By classifying PDAC mutations based on their allelic expression, we were able to identify ~50% of all mutations within this study as likely passenger mutations, increase the sensitivity of mutation detection methods, significantly enhance the prediction of PDAC prognosis using mutation data, and identify subtypes that are statistically sensitive to specific drug therapeutics in cell culture models. These results support the concept that both V-ex and W-ex mutations contribute to the biological features of the tumor, while N-ex mutations have little influence on the progression of the tumor. Thus, we conclude that the underutilized technique of allelic expression analysis of tumor mutations provides an effective top-level method to separate mutations based on their respective tumor impact. Based on these results within PDAC, we expect that allele expression analysis will be able to assist in other aspects of cancer biology. For example, this approach can be used to explore cancer epitope detection54 and interrogation of tumor clonality54,55. Because the MAXX pipeline enables accurate identification of allelic expression for all mutation types by increasing RNA-sequencing alignment, it represents the most inclusive method to perform mutation allelic expression analyses. We anticipate that custom gene specific reference genomes generated via MAXX will become a prevalent aspect in performing mutation allelic expression analyses and will be employed to classify mutations for advancement of precision medicine.
Methods
Expanded overview of MAXX pipeline
MAXX is a freely available tool (https://github.com/Adglink/MAXX) that generates gene specific reference genomes to identify allelic expression. As input, MAXX requires a mutation file, a reference genome, and the reference genome’s corresponding GTF file. The reference files used in this study were GENCODE v19 for the patient derived models and GENCODE GRCh v21 for the TCGA data56. In brief, MAXX uses information from the GTF file to identify the sequence of the input genes within the fasta file. Once the sequence of the genes within the mutation list is identified, MAXX first uses the gene name to create a header tag (e.g. >KRAS). Then the header tag and wild type sequence are written to the new fasta file. Next, the mutated sequence and its header are generated. The mutation sequence is created based on the information from the mutation file, while the header is the gene’s name with a _Mut tag (e.g. >KRAS_Mut). The _Mut tag allows reads to be separated based on their alignment to either the wild type or mutated sequence. In cases where a gene contains multiple mutations, all mutations are inserted into the gene via a shifting algorithm. Because this study emphasized the allelic expression of mutations, MAXX is designed to only output the wild type and mutant sequence of genes presented in the mutation file. This approach dramatically decreases the size of the fasta file, which allows storage space and alignment run time to be more efficient compared to the Hg19 reference genome (Supplementary Fig. 1), while maintaining accurate RNA-sequencing alignment (Fig. 2c). In addition to the custom-made reference genome, MAXX also outputs an index file that identifies the new positions of the mutations in both the wild type and mutant sequence.
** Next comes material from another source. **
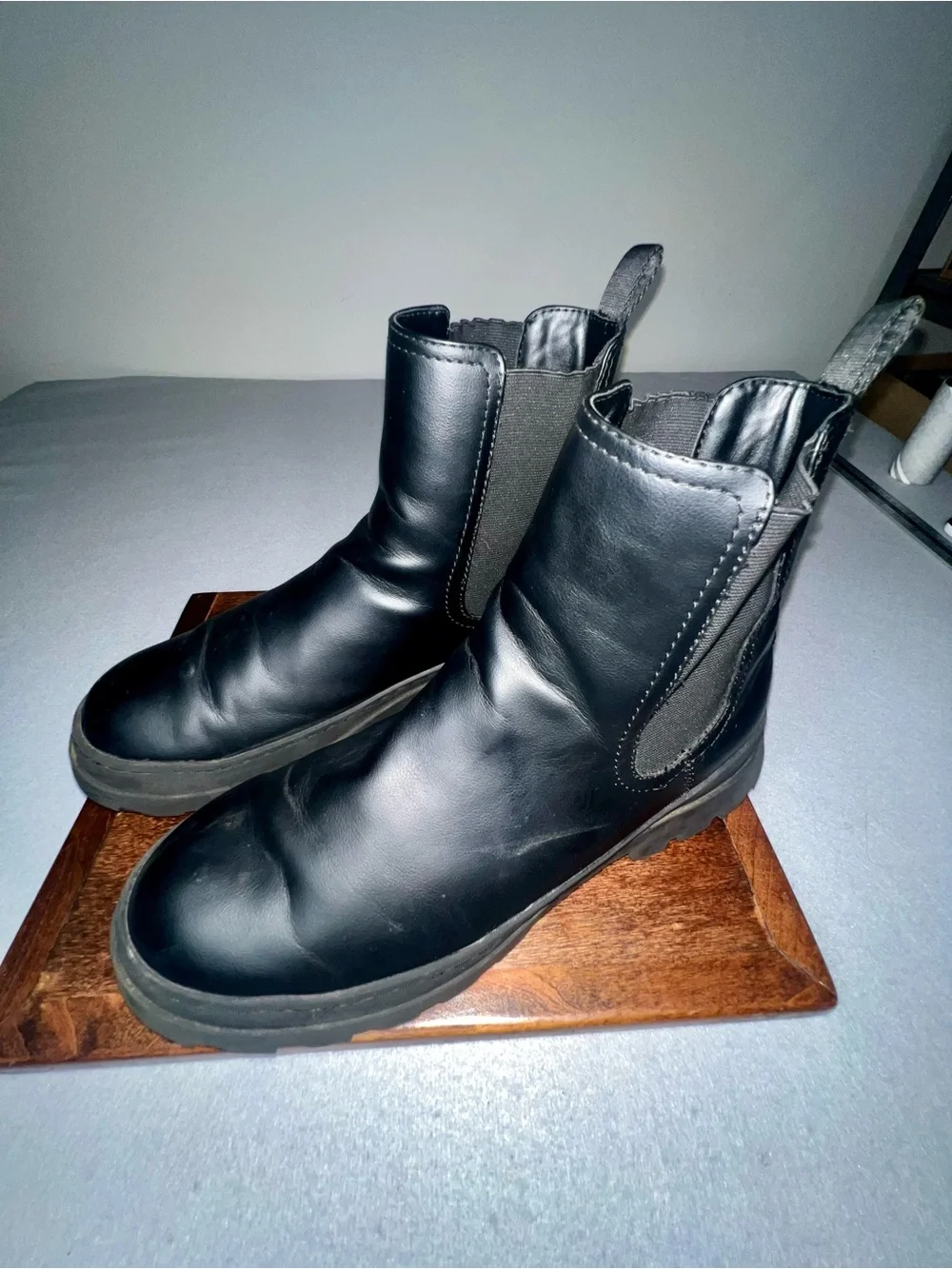 Men's Black Chelsea Boots - Sleek Slip-On Ankle Boot size 11.5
Because all of the PDAC samples within this study had undergone exome sequencing, we were able to use MAXX to generate a tumor specific reference genome for each sample. However, in situations where exome sequencing is not available, a reference genome could be generated using predefined mutations derived from other sequencing projects. Our tumor specific reference genomes where indexed using Bowtie2 v. 2.3.257. Then Tophat2 v. 2.1.126 was used to align the sample’s corresponding RNA-sequencing reads. In addition to the default parameters for Tophat2, the commands “-p 10,–no-coverage-search,–b2-very-sensitive” were used. To ensure the accuracy of calculated RNA-allele frequencies, the BAM files generated by Tophat2 underwent multiple filtering steps23,32. First, the PCR duplicates were removed, using the Picard Tools (http://broadinstitute.github.io/picard/) MarkDuplicates command where the input parameter REMOVE_DUPLICATES was set to “true”. Second, SAMtools v. 1.458 was used to keep the uniquely aligned reads via the command “samtools view -q 50 -b input.bam >output.bam”. Finally, because our data was paired-end, the additional step of singleton removal using the SAMtools v. 1.4 command “samtools view -F 8 -b input.bam >output.bam” was performed. The filtered bam file, tumor specific reference genome, and tumor mutation index file were then used as input for Bam-Readcount (https://github.com/genome/bam-readcount), which identified the number of reads that aligned to the mutant and wild type sequences.
RNA mutant allele frequency calculation
To determine RNA mutant allele frequencies from the Bam-Readcount output, the number of reads that aligned to the mutant position of the mutated sequence was first calculated, then divided by the sum of the reads that aligned to the mutant position of both the wild type and mutant sequences. Due to the shifting of nucleotides from indel mutations, there were slight variations in the way the reads were calculated for the wild type allele and mutant allele between the different mutation types. For SNV mutations, the same position for the mutant allele and wild type allele was used to calculate the number of reads for each allele. As for deletion mutations, the wild type allele reads were calculated based on the average number of reads mapped at each deleted nucleotide, while the first position of the non-deleted nucleotide was used to calculate the number of mutant allele reads. To calculate the wild type and mutant allele read count for insertions, the average read count of reads aligned to each inserted nucleotide was used for the mutant allele, while the first position of the non-inserted nucleotide was used to calculate the number of reads for the wild type allele.
Mutant expression classification expounded
Based on the variant’s total read count and RNA mutant allele frequency, the mutation was placed into a mutation expression group (Fig. 1b). To prevent misalignments and poor sequencing depth at specific regions from biasing mutation expression group placement, mutations that had a total number of reads between three and nine were discarded from the study. It was also noted that a cut off of the number of reads that aligned to the mutant allele was required to differentiate W-ex mutations from V-ex mutations. Rather than have a distinct read count cutoff, the RNA mutant allele frequency of 2.5% was used to distinguish V-ex mutations from W-ex mutations.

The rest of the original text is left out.